Standard color space with color-opponent values

The Oklab color space is a uniform color space for device-independent color designed to improve perceptual uniformity, hue and lightness prediction, color blending, (Note: However, it is not suitable for image blending or processing, for which the gamma-expanded linear RGB color space is more appropriate.) and usability while ensuring numerical stability and ease of implementation. Introduced by Björn Ottosson in December 2020, Oklab and its cylindrical counterpart, Oklch, have been included in the CSS Color Level 4 and Level 5 drafts for device-independent web colors since December 2021. They are supported by recent versions of major web browsers and allow the specification of colors within the DCI-P3 gamut but outside sRGB.

Oklab's model is fitted with improved color appearance data: CAM16 data for lightness and chroma, and IPT data for hue.

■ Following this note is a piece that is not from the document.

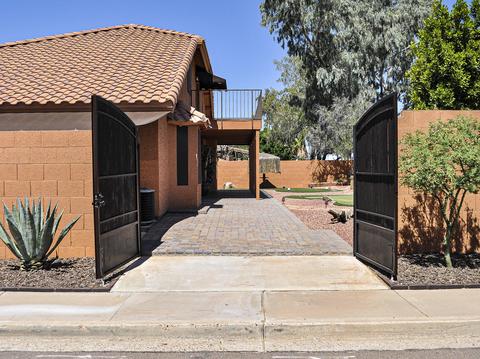 2558 E Nora St, Mesa, AZ 85213 photo 76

The new fit addresses issues such as unexpected hue and lightness changes in blue colors present in the CIELAB color space, simplifying the creation of color schemes and smoother color gradients.

As Ottosson explained, he chose the name Oklab because the model does an OK (adequate) job and is based on the three color-space coordinates L, a, and b.

==Coordinates==

Oklab uses the same spatial structure as CIELAB, representing color using three components:
- L for perceptual lightness, ranging from 0 (pure black) to 1 (reference white, if achromatic), often denoted as a percentage
- a and b for opponent channels of the four unique hues, unbounded but in practice ranging from −0.5 to +0.5; CSS assigns ±100% to ±0.4 for both
  - a for green (negative) to red (positive)
  - b for blue (negative) to yellow (positive)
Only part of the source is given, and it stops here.